“The Training of Landsmen for the Navy.” See page 475.
Lieut.-Commander A. F. Fechteler, U. S. Navy.—I so thoroughly endorse Lieutenant-Commander Fullam's article on the "Training of Landsmen" that there is very little left to say. The beauty of his ideas is, that they can be carried out immediately with the means at hand. There is a great deal of time lost in our navy, bewailing what we haven't got. "If we had electricity here instead of steam, we could shoot properly;" "if we only had thus and so we could get along, as it is, we can't do a thing." The shortest way to efficiency is to do the very best with the material furnished and it is refreshing to read an article written in that spirit. While I believe in sailing training ships of the size advocated by Lieutenant Beach in a former article, yet there is no immediate prospect of getting them and so Mr. Fullam's plan of concentrating all the training systems on such masted ships as we have, is eminently common sense. We get the men quickly that way in the regular service and certainly I should like nothing better than to have three hundred men trained in that fashion for a newly commissioned battleship. There are some points in the article that strike me as particularly good. They are applicable to all cruising ships.
Train our petty officers so as to make them correspond in importance to non-commissioned officers of the army and marine corps. It can be done on board ship. The squad system is excellent and has now been introduced on practically all ships, but there is danger of turning the squads over to petty officers not sufficiently instructed.
Make the drills spirited and thorough. Do not tire the men with a monotonous routine only intended to look well on paper.
Have plenty of ship's boats running—pulling boats whenever practicable.
Give the men plenty of liberty and keep the ship from seeming a prison.
This question of the management of men is of supreme importance. We get good recruits and plenty of them, but we lose a lot simply from lack of common sense and tact in handling.
I believe we waste too much time over bright work and scrubbing and painting, especially painting. Of course a ship should be neat and clean, but at the same time a ship's company that is drilled up to top notch can not have the ship looking continually like a yacht . Our inspections are a good deal to blame. They pay more attention to the condition and appearance of our material than to the use made of it. Ships take their cue from this and so among the many duties of the executive, those of Chief Chambermaid have become paramount.
If the men are trained from the start to be active and smart, to be thorough and sharp in all their drills, they will naturally get into the habit of cleaning ship in better fashion, without too much dawdling.
This gives more time for drill, recreation and liberty.
Good, thorough drills, lots of amusement on board in the way of music, minstrels, books, athletics, etc., and then plenty of liberty on shore.
In other words you want a taut ship and a happy ship to make the men contented and efficient and wed them to the service.
J. H. Sypher, U. S. N.—The ideas expressed by Lieut.-Commander Fullam, in his article on the training of landsmen are so excellent, that any expression of opinion must be in the nature of a hearty agreement.
It is evident that the opinions of the service in general are beginning to crystallize upon certain points.
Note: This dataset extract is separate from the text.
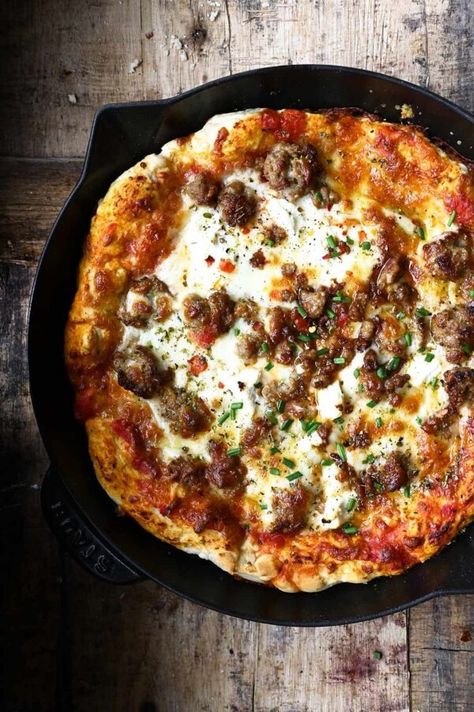 Easy Sausage Cast Iron Skillet Pizza Pizza Meatballs, Iron Skillet Pizza, Italian Sausage Pizza, Cast Iron Skillet Pizza, Pizza Easy, Meatball Pizza, Cast Iron Pizza, Delicious Pizza Recipes, Pizza Italian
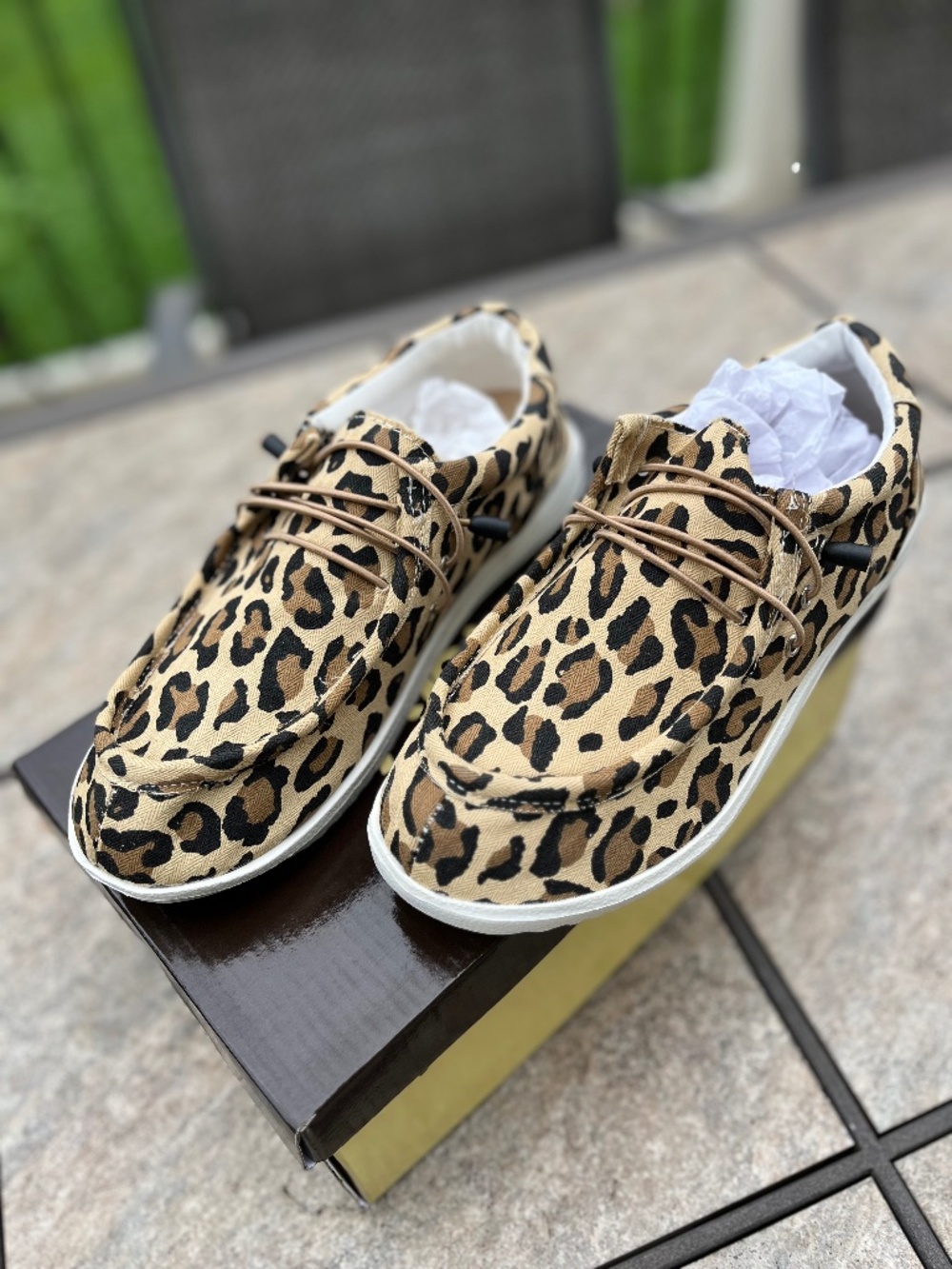 Outwoods cheetah slip on shoes NWT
These opinions are of increasing value as officers have experience with our training system, either on board training ships, or with the men who have gone out into the regular service from them.
Upon one point there seems to be pretty general agreement. This is, that a better lot of men are turned out from the old style ships, than come from the converted freighters. Our types of ships used for training are so different, and the methods vary so diversely, that it naturally follows, that the results, as shown in the drafts of trained landsmen turned out, are widely different. If ships in regular service were to send in special reports as to the qualifications of the various drafts they receive from the training ships, it would soon indicate which style of training is the best, as judged by results. And it is results, that we are after. The navy needs men and has no difficulty in enlisting any quantity of raw material.
The system that most rapidly converts this raw material into sailor men, is the one best suited for us at present.
No doubt a landsman after a year's service in a training ship is better than one after only three months, but if he can in the latter time be fitted to go into the general service and continue his training there, it would be a mistake to keep him longer in a training ship.
Men can be trained after one month in a receiving ship or barracks, and three months on a training ship, to be excellent landsmen, and the best of them to be ordinary seamen; all much better fitted for men-of-warsmen than the ordinary merchant sailor picked up in our seaports.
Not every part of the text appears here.